[TASK TO COMPLETE] Your answer must be an exact transcription of the data, with every picture omitted.

[EXTRACTED DATA]
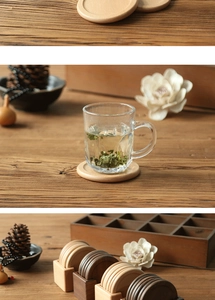 Detail of round walnut wood coasters with storage rack and glass tea cup setting
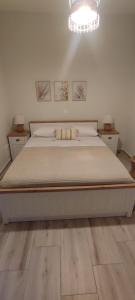 a bedroom with a bed and a chandelier at Casa di Calma in Ermoupoli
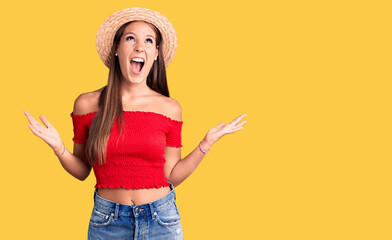 Young beautiful hispanic woman wearing summer hat crazy and mad shouting and yelling with aggressive expression and arms raised. frustration concept.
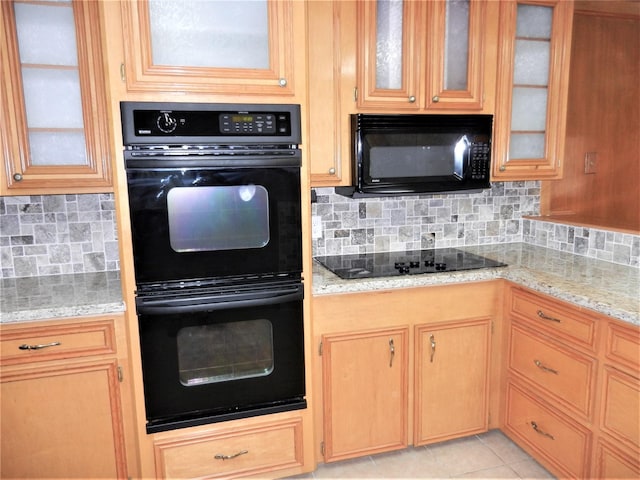 kitchen with light tile patterned floors, black appliances, light stone counters, and tasteful backsplash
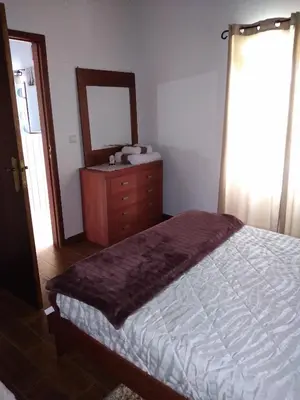 a bedroom with a bed and a dresser and a mirror at Casa dos Valentes in Santo Espírito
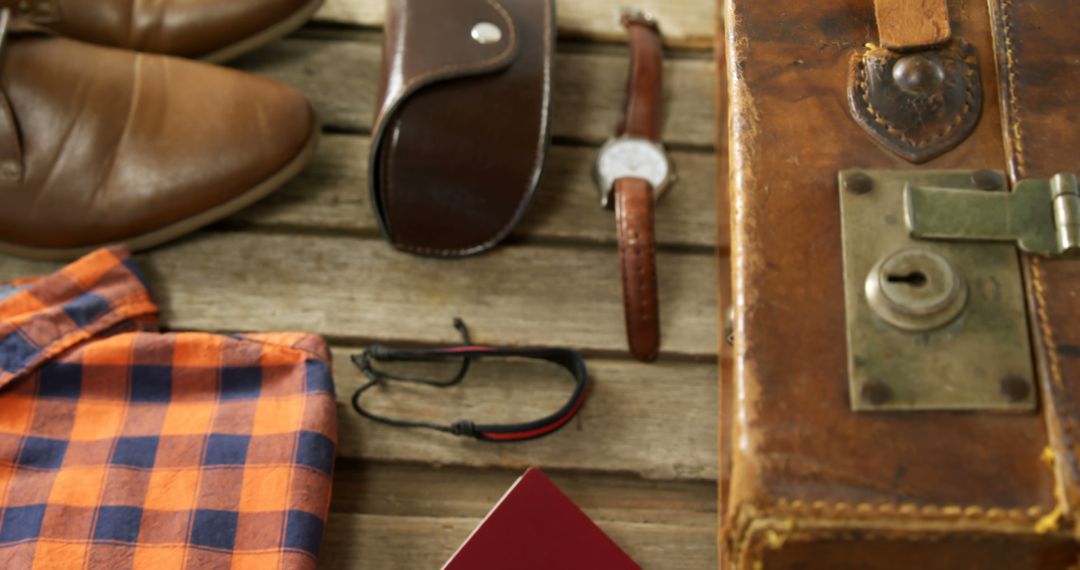 Men's travel essentials evoke a masculine adventure vibe on a wooden backdrop. - Free Images, Stock Photos and Pictures on Pikwizard.com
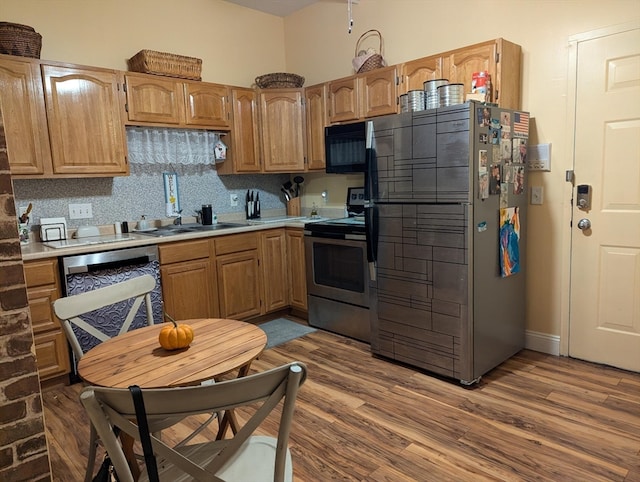 kitchen featuring sink, stainless steel appliances, backsplash, and hardwood / wood-style floors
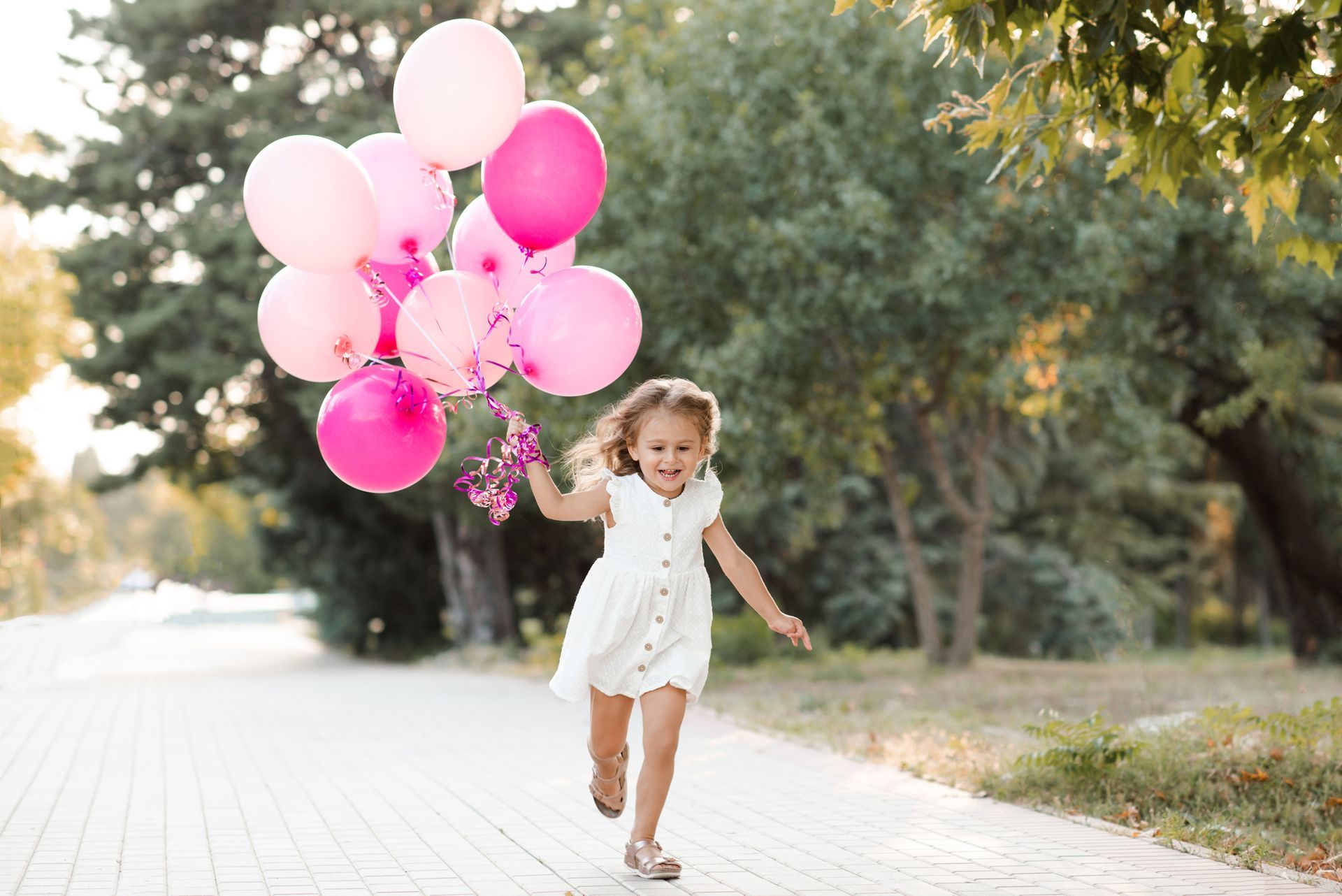 Girl running with pink balloons outdoors.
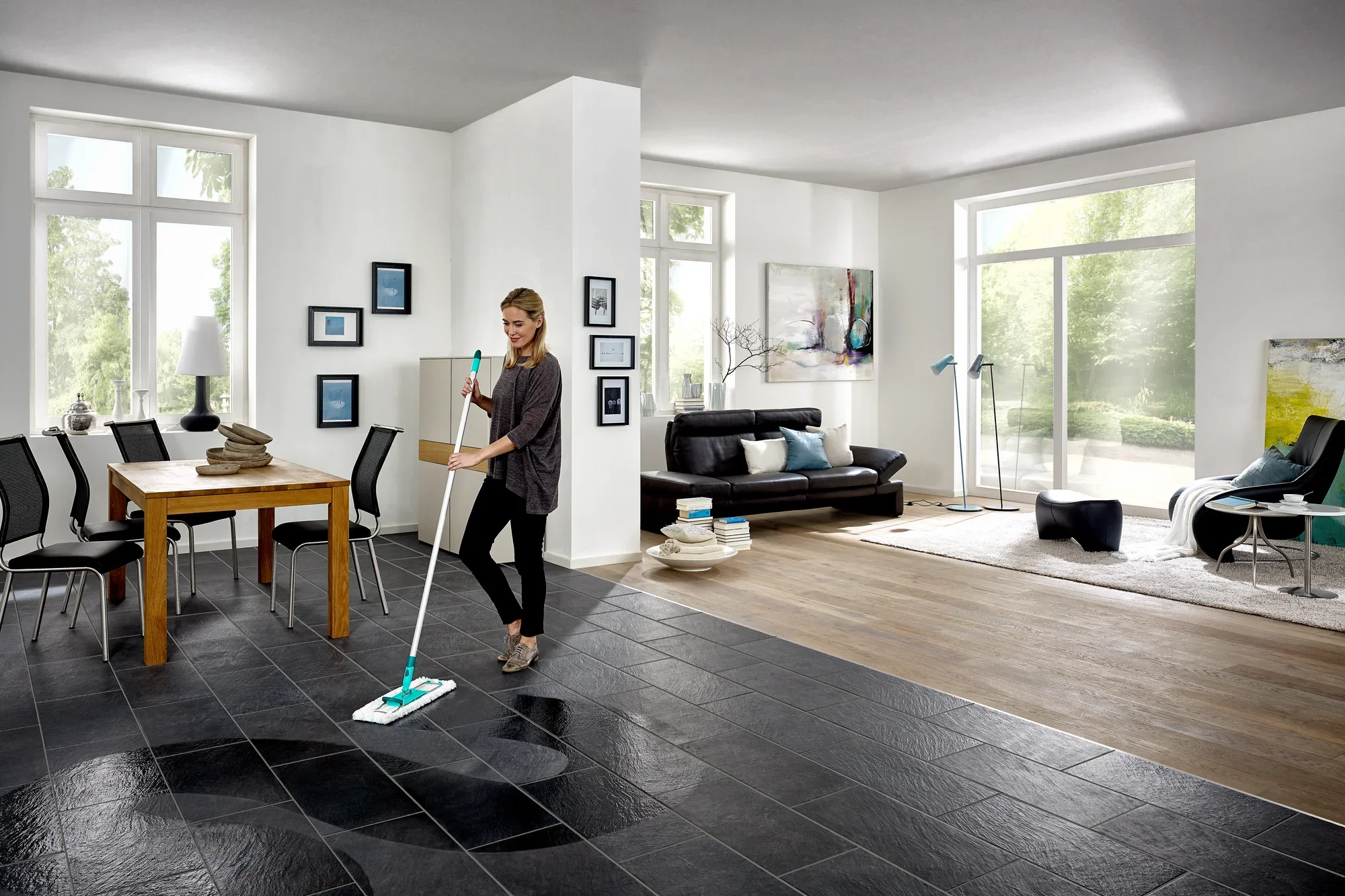 Een vrouw dweilt de vloer van een moderne woonkamer met de Profi XL dweilmop. De kamer is licht en stijlvol ingericht, met grote ramen en elegante meubels.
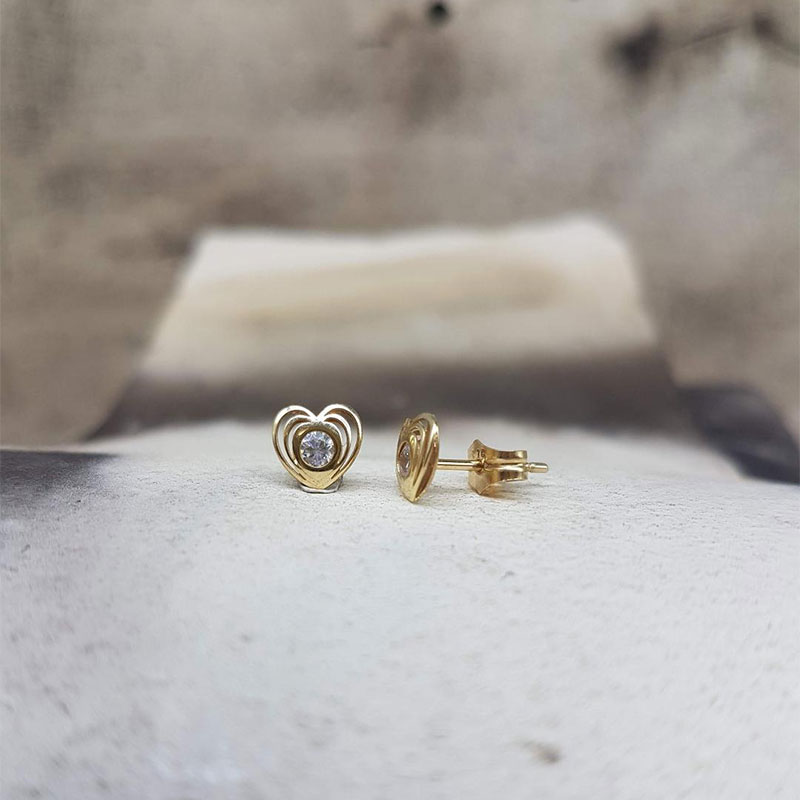Παιδικά χρυσά σκουλαρίκια Κ9 σε σχήμα καρδιάς διακοσμημένα με λευκά ζιργκόν.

[TASK SOLUTION]
 Detail of round walnut wood coasters with storage rack and glass tea cup setting
 a bedroom with a bed and a chandelier at Casa di Calma in Ermoupoli
 Young beautiful hispanic woman wearing summer hat crazy and mad shouting and yelling with aggressive expression and arms raised. frustration concept.
 kitchen with light tile patterned floors, black appliances, light stone counters, and tasteful backsplash
 a bedroom with a bed and a dresser and a mirror at Casa dos Valentes in Santo Espírito
 Men's travel essentials evoke a masculine adventure vibe on a wooden backdrop. - Free Images, Stock Photos and Pictures on Pikwizard.com
 kitchen featuring sink, stainless steel appliances, backsplash, and hardwood / wood-style floors
 Girl running with pink balloons outdoors.
 Een vrouw dweilt de vloer van een moderne woonkamer met de Profi XL dweilmop. De kamer is licht en stijlvol ingericht, met grote ramen en elegante meubels.
Παιδικά χρυσά σκουλαρίκια Κ9 σε σχήμα καρδιάς διακοσμημένα με λευκά ζιργκόν.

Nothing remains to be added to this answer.